KIEV. Ukraine (JTA) — From the moment of its spontaneous combustion on Nov. 21 and for weeks thereafter, the mass protest encampment in the center of Kiev set up to oppose the Ukrainian government’s decision not to sign a comprehensive free trade agreement with the European Union appeared to represent the epitome of 21st-century European values.

The activities of the vast, multi-ethnic crowd in Maidan Square quickly came to be called Euromaidan and celebrated themes of democracy, pluralism and an end to government corruption. But the uplifting mood began to change in early December when Ukraine’s three main opposition parties — Fatherland, UDAR and Svoboda — began to take control of Euromaidan.

Activists of the ultranationalist, anti-Semitic and grotesquely misnamed Svoboda (Freedom) soon came to the fore, giving the protests a progressively darker and more violent edge. A turning point came during a mass march through the center of Kiev on Dec. 10, when a group of Svoboda activists, led by members of parliament, toppled a statue of Lenin while chanting an ominous warning to the president: “Yanukovych, you’ll be next!”

Ever since the breakthrough success of Svoboda in the 2010 elections, leaders of Fatherland and UDAR repeatedly have declined entreaties from myself and many other supporters of democracy in Ukraine to break their electoral alliance with Svoboda, apparently seeing the party and its leader, Oleh Tyahnybok, as essential partners in the coalition to topple President Viktor Yanukovych.

Yet during the last days of December, as momentum slipped from the demonstrators with news that Yanukovych had buttressed his position by accepting a $15 billion loan package from Russian President Vladmir Putin, Fatherland leader Arseniy Yatsenyuk and UDAR chief Vitali Klitschko must have become acutely aware that Svoboda’s growing profile was tarnishing the protesters’ claim to membership in the camp of modern-day Europe and not the fascist Europe of 70 years ago.

This became crystal clear during a cringe-inducing vertep, a comedic skit based on Ukrainian folk tradition, performed on the main stage at Euromaidan on New Year’s Eve. Based equally on the birth of Jesus and contemporary Ukrainian politics, the lead role was played by a Svoboda parliamentarian named Bogdan Benyuk, who donned black garb and sidelocks to play a stereotypical Orthodox Jewish wheeler-dealer character called Zhyd (Kike). Explaining to the crowd that he is involved in various occupations — including banking, stock market speculation, loan sharking and hosting a talk show — the Jewish oligarch character sings gleefully, “East and West belong to me; our people are everywhere.”

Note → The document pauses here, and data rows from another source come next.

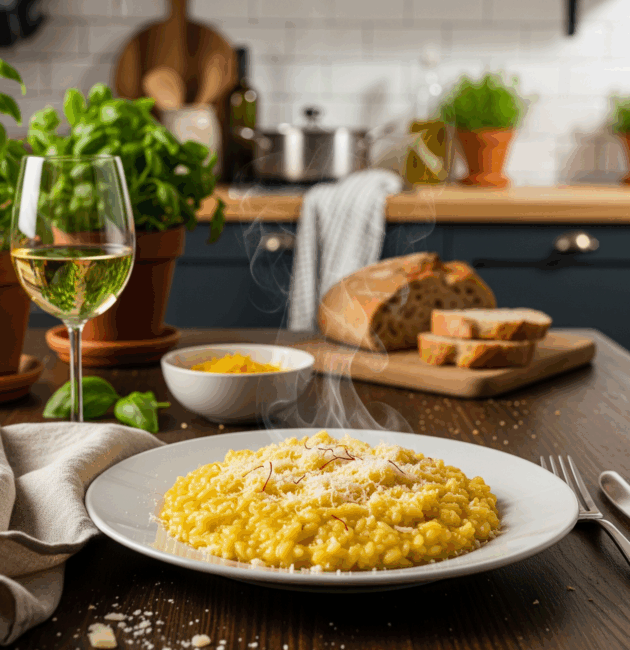 Risotto alla Milanese galben cu șofran și parmezan
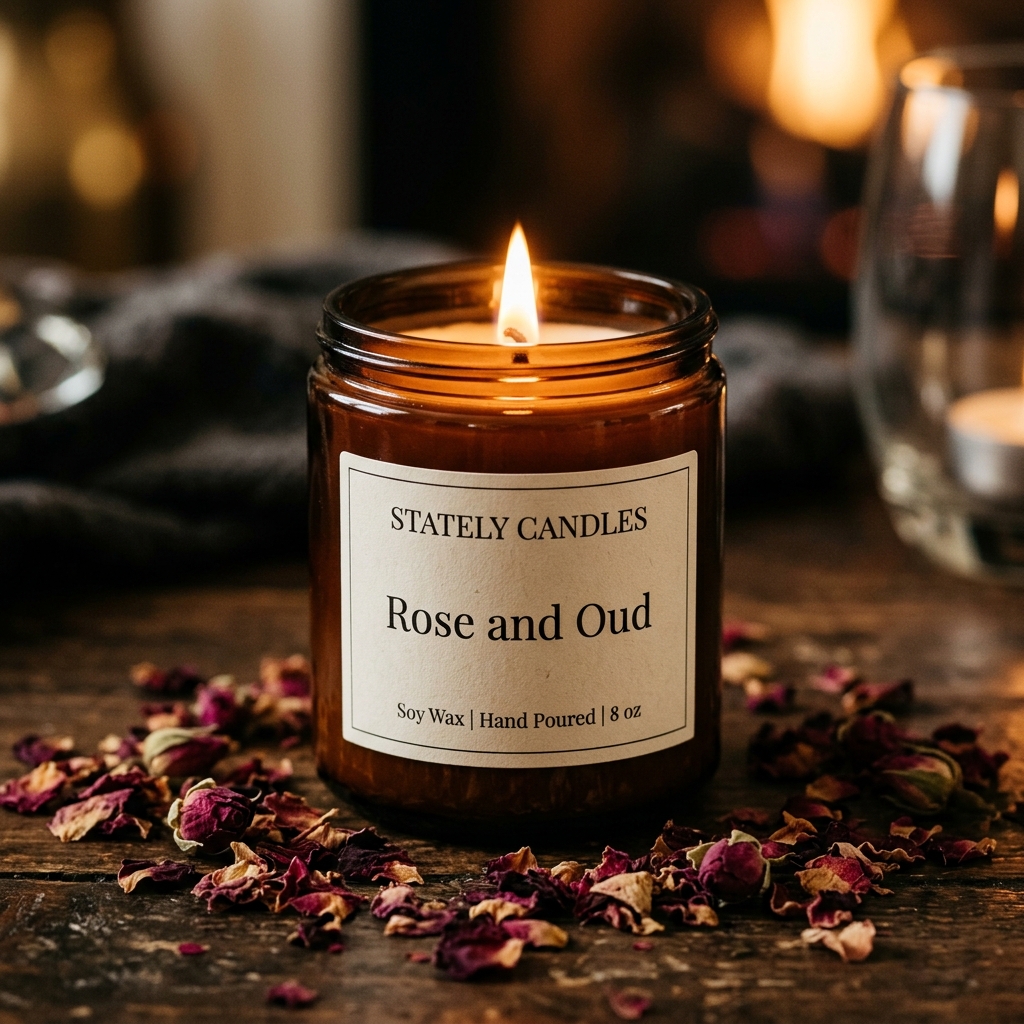 Rose & Oud Candle on bedside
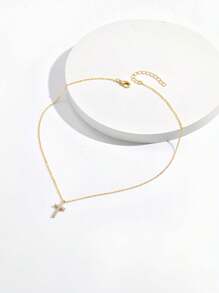 1pc Women's Gold-Color Rhinestone Cross Pendant Necklace, Suitable For Everyday Wear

Zhyd creates problems for the newborn Jesus and contemplates taking a bribe from a character evoking both Yanukovych and King Herod to help him crush the protesters. Fascinatingly, the Jew switches sides and joins the opposition when he learns that on orders from the king, the regime’s forces are preparing to kill Jewish firstborns. The audience is given to understand that the shift in loyalty is due not to a belated outburst of conscience, but rather because Zhyd is worried the regime may turn on his own people.

The bottom line of the supposedly all-in-good-fun skit — it was followed by a solemn singing of the Ukrainian national anthem and congratulatory speeches by Yatsenyuk, Klitschko and Tyahnybok — appeared to be that while perfidious Jewish oligarchs care only for the welfare of Jews, given their supposed power and influence it’s preferable for the opposition coalition to have them inside the tent pissing out rather than the other way around.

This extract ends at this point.